"Shall I come to you to-morrow, princess, at the same hour?" he asked, almost humbly.

"Nay, the king knoweth that the garden is ever full of the women of the court," said Nehushta, hesitating; for she thought that it would be a very different matter to be seen from a distance by all the ladies of the palace in conversation with the king.

"Do not fear," answered Darius. "The garden shall be yours. There are other bowers of roses in Shushan whither the women can go. None but you shall enter here, so long as it be your pleasure. Farewell, I will come to you to-morrow at noon."

He turned and looked into her eyes, and then she took his hand and silently placed it upon her forehead in thanks. In a moment he was gone and she could hear his quick tread upon the marble of the steps outside, and in the path through the roses. When she knew that he was out of sight, Nehushta went out and stood in the broad blaze of the noonday sun. She passed her hand over her forehead, as though she had been dazed. It seemed as though a change had come over her and she could not understand it.

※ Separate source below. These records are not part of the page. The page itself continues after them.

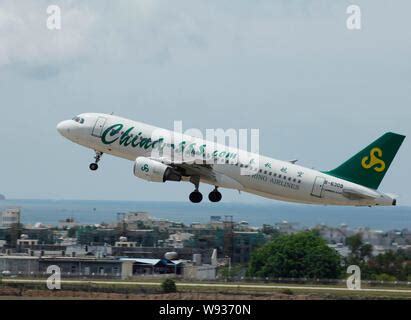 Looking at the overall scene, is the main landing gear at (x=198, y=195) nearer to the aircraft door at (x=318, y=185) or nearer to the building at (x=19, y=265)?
the aircraft door at (x=318, y=185)

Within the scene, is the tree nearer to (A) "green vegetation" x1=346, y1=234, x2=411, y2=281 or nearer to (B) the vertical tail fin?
(A) "green vegetation" x1=346, y1=234, x2=411, y2=281

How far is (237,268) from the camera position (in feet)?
248

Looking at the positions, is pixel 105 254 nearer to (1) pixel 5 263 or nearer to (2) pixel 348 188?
(1) pixel 5 263

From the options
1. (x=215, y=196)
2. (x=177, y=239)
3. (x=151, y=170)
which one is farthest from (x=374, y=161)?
(x=177, y=239)

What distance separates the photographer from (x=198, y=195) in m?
72.8

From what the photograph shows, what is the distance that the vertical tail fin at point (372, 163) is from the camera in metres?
68.2

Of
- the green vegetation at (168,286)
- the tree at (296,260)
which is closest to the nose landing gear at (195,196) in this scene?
the tree at (296,260)

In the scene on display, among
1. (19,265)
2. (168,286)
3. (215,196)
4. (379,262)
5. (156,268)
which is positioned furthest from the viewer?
(215,196)

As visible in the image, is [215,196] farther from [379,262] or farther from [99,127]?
[379,262]

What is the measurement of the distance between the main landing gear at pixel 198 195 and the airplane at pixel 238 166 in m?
0.12

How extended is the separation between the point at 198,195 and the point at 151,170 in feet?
16.1

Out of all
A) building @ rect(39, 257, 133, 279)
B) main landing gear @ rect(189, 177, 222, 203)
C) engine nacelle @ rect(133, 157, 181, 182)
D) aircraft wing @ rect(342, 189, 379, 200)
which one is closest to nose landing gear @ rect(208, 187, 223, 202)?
main landing gear @ rect(189, 177, 222, 203)

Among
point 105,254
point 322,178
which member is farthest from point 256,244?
point 322,178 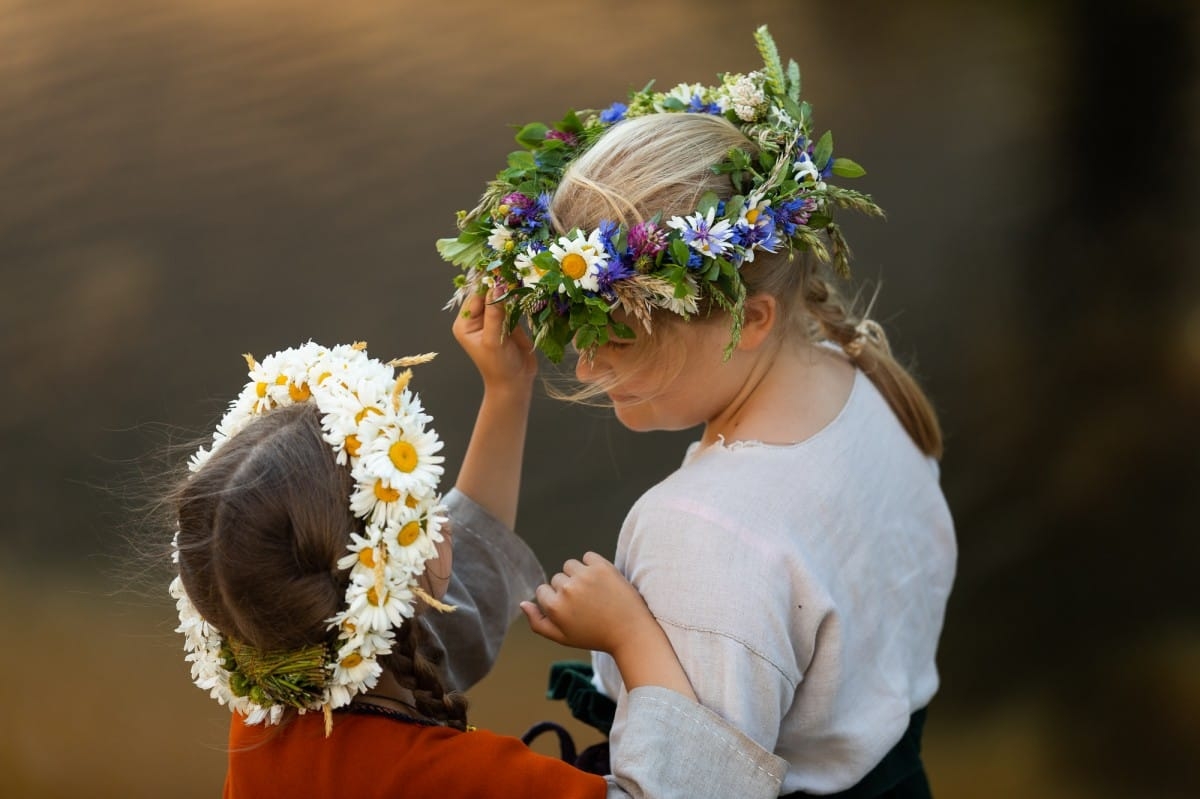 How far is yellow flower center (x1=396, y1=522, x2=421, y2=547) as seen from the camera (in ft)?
4.01

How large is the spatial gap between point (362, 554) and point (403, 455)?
0.11m

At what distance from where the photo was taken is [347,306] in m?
2.53

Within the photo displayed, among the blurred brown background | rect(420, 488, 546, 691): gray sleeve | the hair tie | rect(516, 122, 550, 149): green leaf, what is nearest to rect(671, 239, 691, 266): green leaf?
rect(516, 122, 550, 149): green leaf

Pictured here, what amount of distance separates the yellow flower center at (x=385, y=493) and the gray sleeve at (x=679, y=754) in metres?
0.33

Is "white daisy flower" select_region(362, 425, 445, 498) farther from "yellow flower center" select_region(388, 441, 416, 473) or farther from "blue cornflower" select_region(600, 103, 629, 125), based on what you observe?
"blue cornflower" select_region(600, 103, 629, 125)

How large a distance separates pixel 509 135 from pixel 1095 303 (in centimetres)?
130

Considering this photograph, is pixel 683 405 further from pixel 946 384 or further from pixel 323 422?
pixel 946 384

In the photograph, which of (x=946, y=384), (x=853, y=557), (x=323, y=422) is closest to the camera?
(x=323, y=422)

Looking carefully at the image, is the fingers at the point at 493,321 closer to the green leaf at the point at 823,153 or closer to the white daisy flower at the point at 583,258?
the white daisy flower at the point at 583,258

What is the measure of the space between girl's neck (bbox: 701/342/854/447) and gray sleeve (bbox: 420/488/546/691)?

In the glad security of being alone, she ran swiftly down one of the paths, and across by another. Then she stopped short and bent down a great bough of blooming roses and buried her beautiful dark face in the sweet leaves and smelled the perfume, and laughed.

"Oh! I am so happy!" she cried aloud. But her face suddenly became grave, as she tried to understand what she felt. After all, Zoroaster was only gone for twelve days, and meanwhile she had secured her liberty, the freedom of wandering all day in the beautiful gardens, and she could dream of him to her heart's content. And the letter? It was a forgery, of course. That wicked queen loved Zoroaster and wished to make Nehushta give him up! Perhaps she might tell the king something of it when he came on the next day. He would be so royally angry! He would so hate the lie! And yet, in some way, it seemed to her that she could not tell Darius of this trouble. He had been so kind, so gentle, as though he had been her brother, instead of the Great King himself, who bore life and death in his right hand and his left, whose shadow was a terror to the world already, and at whose brief, imperious word a nation rose to arms and victory. Was this the terrible Darius? The man who had slain the impostor with his own sword? who had vanquished rebel Babylon in a few days and brought home four thousand captives at his back? He was as gentle as a girl, this savage warrior—but when she recalled his features, she remembered the stern look that came into his face when he was serious, she grew thoughtful and wandered slowly down the path, biting a rose-leaf delicately with her small white teeth and thinking many things; most of all, how she might be revenged upon Atossa for what she had suffered that morning.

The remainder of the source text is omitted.